= Sandra Boler =

Fashion journalist

Sandra Boler is an Australian-born British fashion journalist and former editor of Brides magazine from 1983 to the early 21st century. In this role she was a widely consulted authority on wedding-related matters from the 1980s to the early 21st century.

==Early life and education==
Boler was born in Australia in 1943 and educated in Paris and London. At the age of 14, Boler and her Francophile father moved to France.

==Career==
When she was 20, Boler worked for British Vogue as underwear editor under the supervision of Beatrix Miller.

In 1983, Boler became the editor of Brides magazine, another Condé Nast publication. In June 1999, the New Statesman commented that Boler had been editor of Brides for sixteen years, a typical example of the longevity of Condé Nast's editors. She stayed at Brides into the early 21st century, supervising the magazine's expansion into e-commerce in 2000. Boler recalled that she had been one of the first people to photograph Naomi Campbell, but did not use the pictures as she did not think Campbell likely to succeed, and that her failure to recognise the future supermodel's potential was a lasting regret.

In 1986, Boler was consulted over Sarah Ferguson's wedding dress. As an authority on the subject, she has been approached for commentary on other high-profile weddings, including that of Sophie Rhys-Jones to Prince Edward, Earl of Wessex in 1999, and Liza Minnelli's fourth marriage to David Gest in 2002. She has also commented on wedding-related issues including divorce ceremonies, the wedding boom of 1999, vow renewals, and even alternative wedding cakes.

In 1994, Boler was that year's chair of the British Society of Magazine Editors.

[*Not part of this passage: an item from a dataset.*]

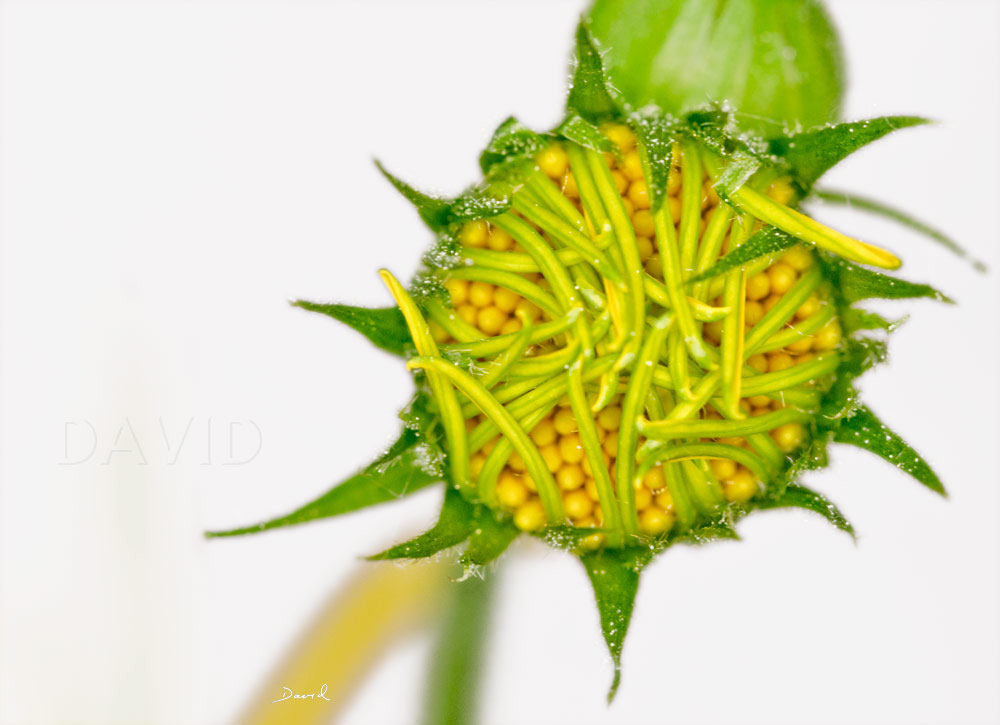 System zur Wandbepflanzung Wildbienenschutz im Naturgarten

The following year, the Fashion Museum, Bath invited her to choose the 1995 Dress of the Year for their permanent collection. Twenty years earlier, Anna Harvey, Boler's predecessor at Brides, had chosen a Gina Fratini bridal gown and Tommy Nutter bridegroom suit for the 1975 Dress of the Year. Boler's choice of a Catherine Rayner gown, Emma Hope shoes, and a man's cream wool and silk damask ensemble with embroidered waistcoat by Tom Gilbey twenty years later, was only the second time that bridal wear had been chosen for the award. Boler described her choices as representative of the 1995 trend for nostalgic, period-style bridal wear.

==Personal life==
Boler's husband was one of her colleagues from Vogue.